Mike brings an encouraging and inspiring message for providers – a set of support tools that will enhance one’s ability to optimize patient care and augment one’s efficiency. For patients, this should be viewed as healthcare catching up to other industries in terms of customer service, convenience and engagement – making it easier to be healthy. And for payers and healthcare leaders, this represents the emergence of a new paradigm in patient/customer engagement – a novel approach to realize the triple aim of improved healthcare, improved outcomes & more cost effective care.

Dec 3, 2017 • 1h 6min
Digital Health with Sami Inkinen, Founder & CEO of Virta Health
Sami Inkinen, founder & CEO of Virta Health, shares his remarkable journey from the real estate industry to healthcare. They discuss Virta's innovative approach to reversing type 2 diabetes through a low-carb, high-fat ketogenic diet. They explore the potential of digital technology and scientific expertise to transform healthcare and improve patient outcomes. The podcast also touches on ambitious goals, barriers to adoption, and predictions for the future of healthcare.

Nov 21, 2017 • 58min
Employer Health with Robert Andrews, CEO of Health Transformation Alliance
In this episode of Creating a New Healthcare, Dr. Zeev Neuwirth interviews Robert Andrews, CEO of Health Transformation Alliance (HTA). HTA is a non-profit alliance of nearly 45 Corporations who are working to improve the outcomes of healthcare and reduce the costs of medical care. The Alliance includes such names as: IBM, Coca-Cola, 3M, Walgreens, Marriott, Pitney Bowes, Verizon, Dupont, Shell, Prudential and Fedex – to name a few.
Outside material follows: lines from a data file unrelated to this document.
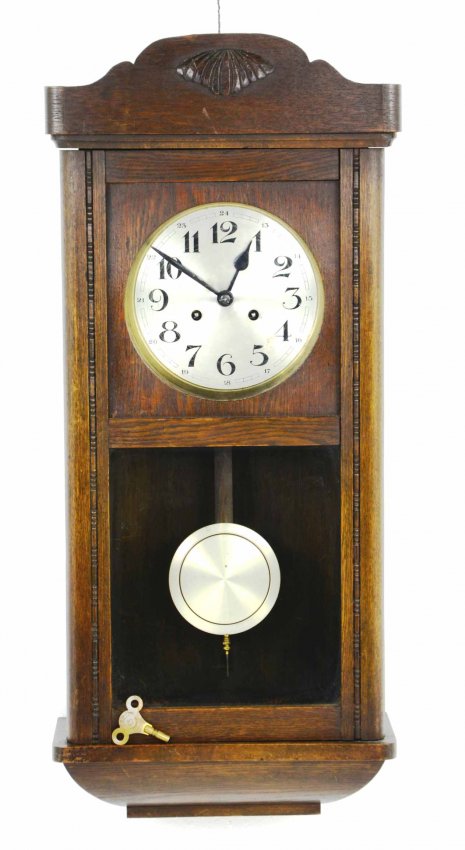 Antique Carved Wood Wall Clock w/ Metal Face, 1920Âs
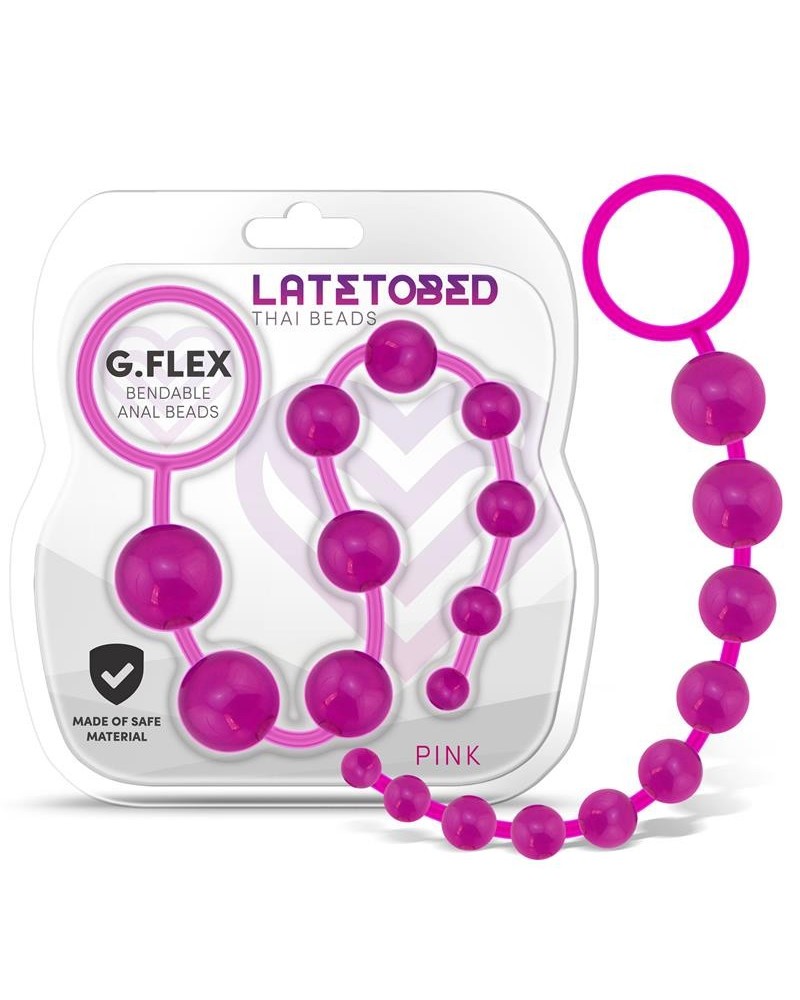 g.flex bendable thai anal beads rose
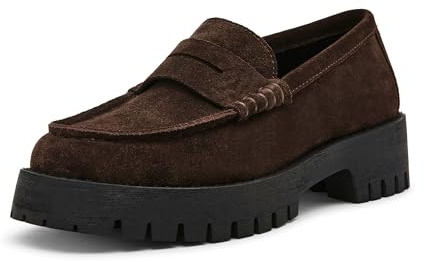 Steve Madden Women's Langsten Loafer, Brown Suede, 5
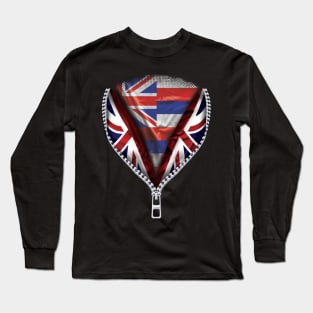 Hawaiian Flag  Hawaii Flag zipped British Flag - Gift for Hawaiian From Hawaii Long Sleeve T-Shirt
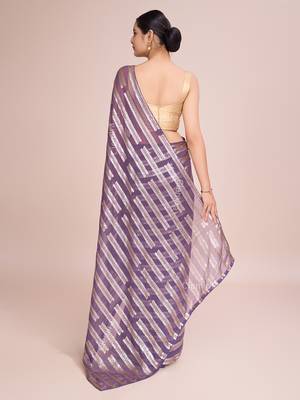 Embellished onion color  bollywood georgette saree with unstiched blouse 4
Rob outlines HTA’s bold mission which is to “fix our broken healthcare system”; to “help companies take better care of the people who take care of them”; and to reverse the perverse incentives of the current Fee-For-Service payment model by paying physicians for value-based preventive care and improved health outcomes. Placing himself in challenging situations in order to serve the public, taking on ambitious goals, and getting them accomplished, is not a new pattern for Mr. Andrews. Prior to his current role at HTA, he served as a Congressman in the U.S. House of Representatives for nearly 24 years. Upon his departure from the House, President Barack Obama praised Rob’s service as “an original author of the Affordable Care Act… and a vital partner in its passage and implementation”. In this interview Rob outlines the three major tactics the HTA is taking in order to accomplish its mission. The first is to lower pharmaceutical spending through appropriately cutting out non-value added costs in the pharmaceutical supply chain. The second is to select provider groups with a demonstrable track record of delivering excellent health outcomes, cost effectively. And the third is to engage employees in becoming proactive participants in their own healthcare. These activities are all informed by IBM Watson Health’s supercomputing analytics. It seems like HTA is well on its way to achieving its goals. They are predicting healthcare savings of hundreds of millions of dollars in the first three years. However, Rob Andrews convincingly argues that HTA’s mission is not primarily about cost; but instead, they are focused on improving health outcomes, which will drive costs down – a win for employees and their employers. You’ll be inspired by the conviction, integrity and energy that Mr. Andrews brings to this critically important task at hand.